In recent months, he added, "we have instituted a benchmarking system" to track how well certain acts and certain genres draw. The system also takes into account the cost of booking the talent and the cover charge.

The goal, he said, is not to eliminate acts that don't draw well, but to know what works and what doesn't. He said that not every act booked at the Redstone Room needs to make money: "You do need to make investments. ... But we need to know what is working, what is investment, and keep track of it on a more regular basis."

He also said that the Redstone Room remains committed to presenting a mix of local, regional, and national bands. "We have to work at that balance, between the national, local, and regional," he said. "There's a place for all of them.

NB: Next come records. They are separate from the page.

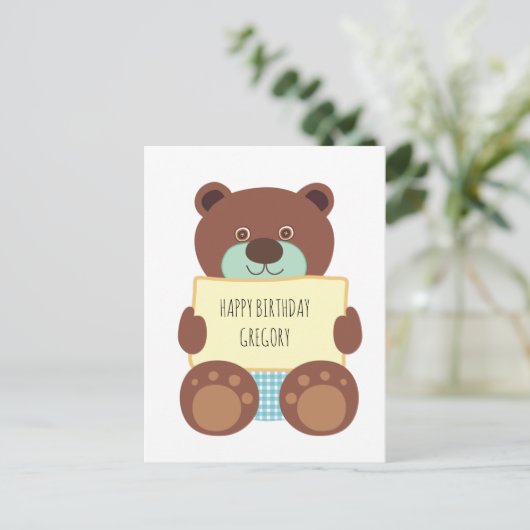Teddybeer Gefeliciteerd Briefkaart (Staand voorkant)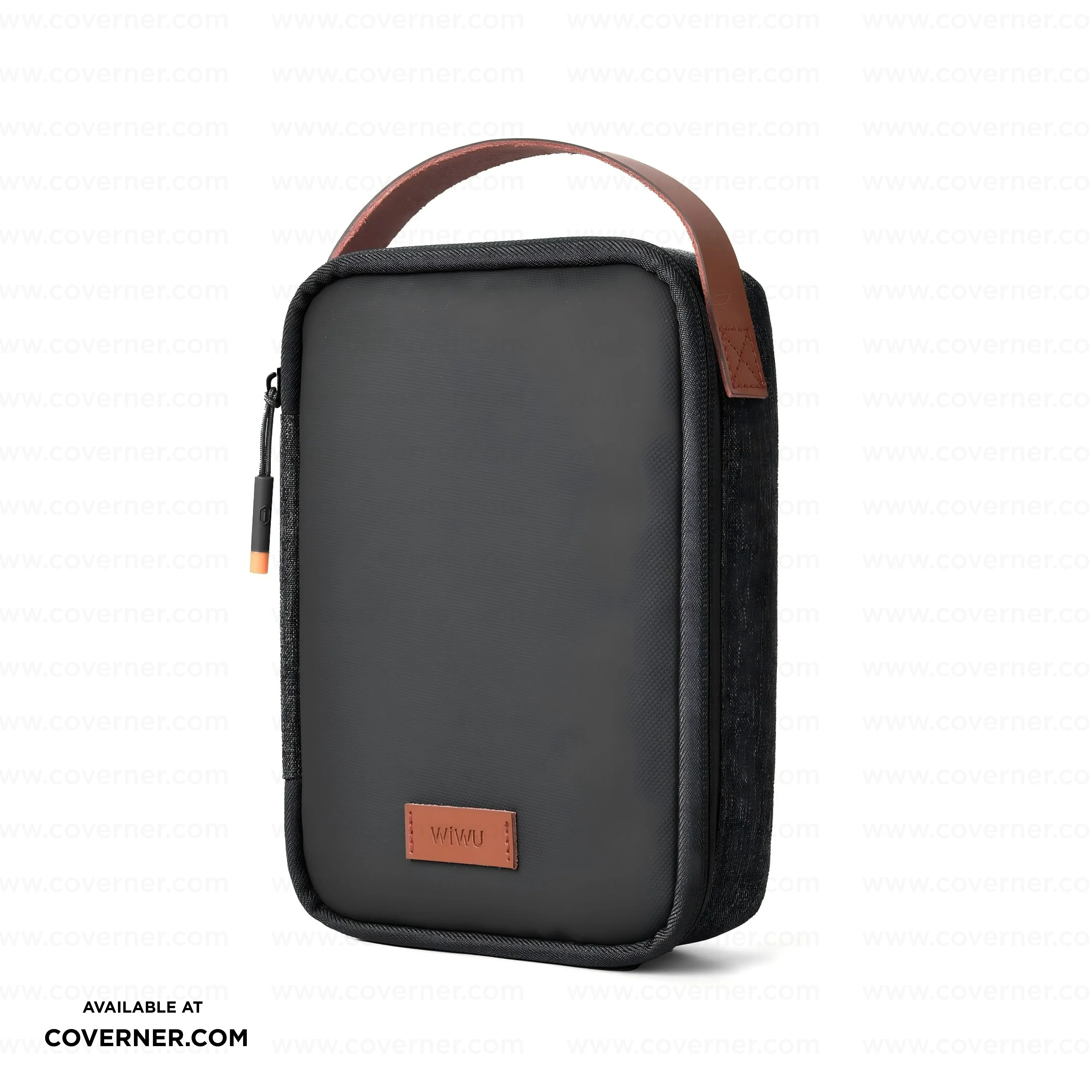 WiWU Minimalis Travel Tech Pouch – Splash-Proof Organizer with Leather Strap (Black/Gray) | Coverner India - Image 8
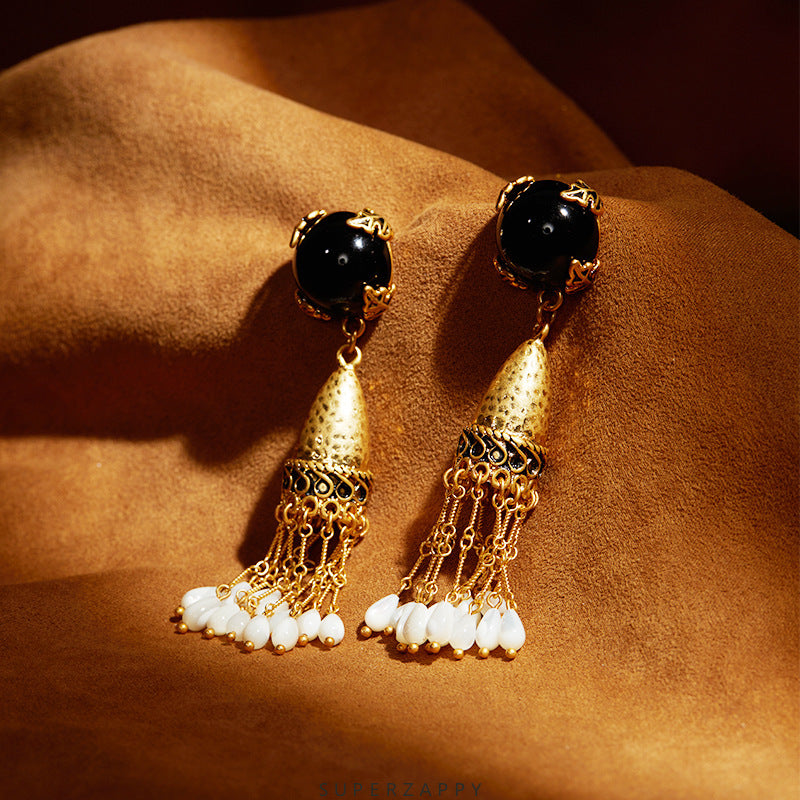 Bohemian Black Onyx Bell Tassel Drop Earrings with Mother-of-Pearl & Cat’s Eye Beads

There will be a place for all of them in the Redstone Room."

A Plea for Patience

Several ironies are tied up in the RME's current situation. The first is that the board is emphasizing the role that volunteers and the community will play in the RME as the organization itself is in serious shut-up-and-spin mode; there's an obvious tension between claiming to be open while being fundamentally closed. I asked Patterson if RME board members and staff would refer me back to him, and he said, "Probably." A list of the RME's board of directors was removed from its Web site in the past week.

The other irony is that Patterson is pleading for patience - saying repeatedly that it takes time to change people's perceptions of downtown - while the RME board has shown consistent impatience. Founding director Gibbons left within a few months of the RME's opening, and now Bozarth is gone in less than two years. After two River Roots Live festivals, there's an excellent chance that the event will be a shadow of itself if it exists at all.

"We have to balance time with funding sources, uses of funds," Patterson said. "Time also costs money."